"You're wrong!" retorted Mallalieu, masterful and insistent as ever. "You have the power! D'ye think I've been a justice of the peace for twelve years without knowing what law is? You've the power to admit to bail in all charges of felony, at your discretion. So now then!"
The magistrates looked at their clerk, and the clerk smiled.
"Mr. Mallalieu's theory is correct," he said quietly. "But no magistrate is obliged to admit to bail in felonies and misdemeanours, and in practice bail is never allowed in cases where—as in this case—the charge is one of murder. Such procedure is unheard of."
"Make a precedent, then!" sneered Mallalieu. "Here!—you can have twenty thousand pounds security, if you like."
But this offer received no answer, and in five minutes more Mallalieu heard the case adjourned for a week and himself and Cotherstone committed to Norcaster Gaol in the meantime. Without a look at his fellow-prisoner he turned out of the dock and was escorted back to the private room in the Town Hall from which he had been brought.
"Hang 'em for a lot of fools!" he burst out to the superintendent, who had accompanied him. "Do they think I'm going to run away? Likely thing—on a trumped-up charge like this. Here!—how soon shall you be wanting to start for yon place?"
The superintendent, who had cherished considerable respect for Mallalieu in the past, and was much upset and very downcast about this sudden change in the Mayor's fortunes, looked at his prisoner and shook his head.
"There's a couple of cars ordered to be ready in half an hour, Mr. Mallalieu," he answered. "One for you, and one for Mr.

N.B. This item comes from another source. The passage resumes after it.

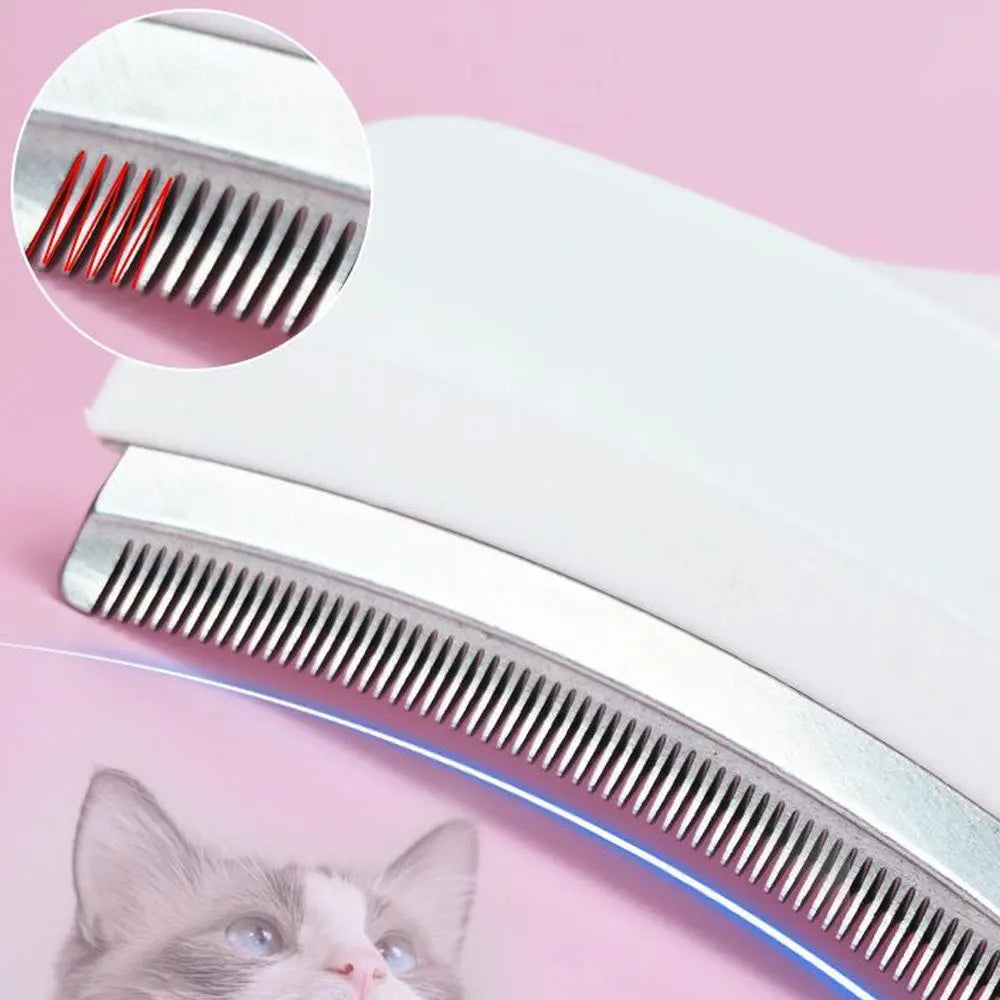 Pet Comb Pro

Cotherstone."
"With armed escorts in both, I suppose!" sneered Mallalieu. "Well, look here—you've time to get me a cup of tea. Slip out and get one o' your men to nip across to the Arms for it—good, strong tea, and a slice or two of bread-and-butter. I can do with it."

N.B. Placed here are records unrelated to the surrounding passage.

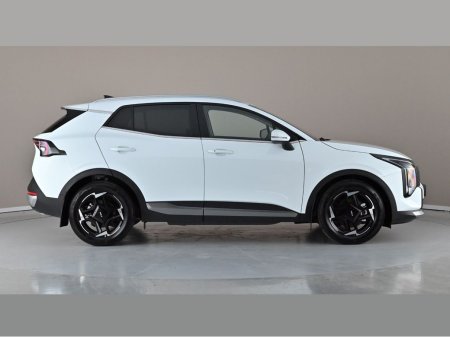 2026 Kia Sportage - photo 8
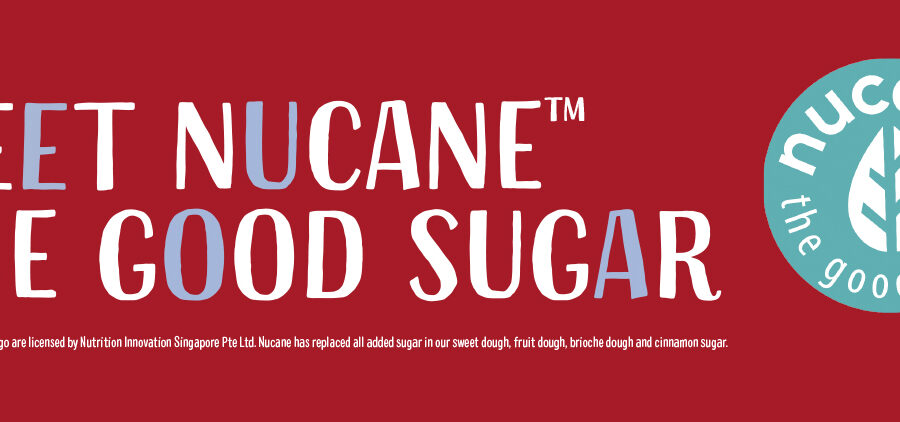 We’ve made the switch to Nucane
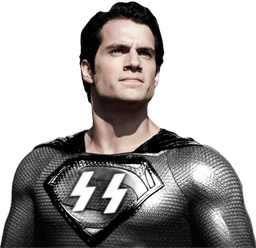 :SSuperman:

He flung half a crown on the table, and the superintendent, suspecting nothing, and willing to oblige a man who had always been friendly and genial towards himself, went out of the room, with no further precautions than the turning of the key in the lock when he had once got outside the door. It never entered his head that the prisoner would try to escape, never crossed his mind that Mallalieu had any chance of escaping. He went away along the corridor to find one of his men who could be dispatched to the Highmarket Arms.